In most instances, personal injury cases will be settled out of court, meaning they never make it to trial. Handling the case outside of the courtroom and outside the hands of a jury tends to benefit both the defendant and the plaintiff.
Negotiations in Settling a Personal Injury Lawsuit
Once a personal injury claim has been filed, settlement discussions can begin.
This usually only takes place after the defense has had the opportunity to conduct their own investigation. Such an investigation might include getting important information through such means as depositions or interrogations. Insurance companies don’t often become involved in settlement negotiations before they have all the facts, either.
In more complex cases, the average defense attorney usually refuses to begin negotiating a settlement before the prosecution names the witnesses they plan on summoning to testify in court.
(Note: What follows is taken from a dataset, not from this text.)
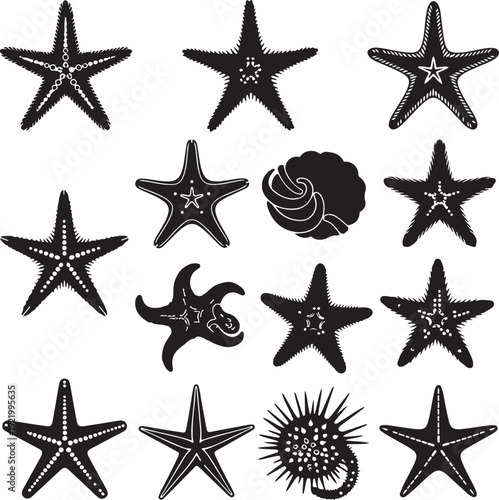 Starfish and sea creatures silhouettes collection isolated on transparent background for marine design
The reason for waiting for this information is that it allows the defense to determine whether or not the prosecution has adequately prepared for the trial at hand.
Sometimes, the defense moves to dismiss the case. In these instances, the defendant won’t mention any details regarding the settlement until after the court makes a determination about dismissal. If the court passes the motion for dismissal, the case is over. But if the court denies it, both parties can begin negotiating a settlement.
Of course, all cases are unique, and at times, the defendant’s lawyer may be willing to discuss settlement options while the court is still considering the motion to dismiss the case.
During settlement negotiations, the insurance company and the defense tend to be at an advantage. The settlement will come out of their pockets. In the event they are not willing to sit down and speak seriously about the terms of a settlement, there’s not much the plaintiff and his or her attorney can do to advance the negotiations.
For smaller cases, it’s not uncommon for one lawyer to simply call the other and begin speaking about a settlement. When appropriate, the plaintiff’s lawyer can choose to craft what’s known as a demand letter. The defendant’s lawyer can then respond by crafting a counteroffer of their own. As an alternative, the defense has the option to ignore the demand if it doesn’t please them. When they do decide to make a counteroffer, however, then settlement talks can begin. If both sides cannot come to an agreement, they may choose to go to mediation.
Mediation in Settling a Personal Injury Lawsuit
Mediation is common practice in larger cases. Some courts require that both parties attend mediation and make an effort to settle the case before going to court. Mediation involves a private mediator and perhaps a judge who is not involved with the case in question. The mediator makes an effort to create a mutual agreement between both parties, and this process works out more often than not.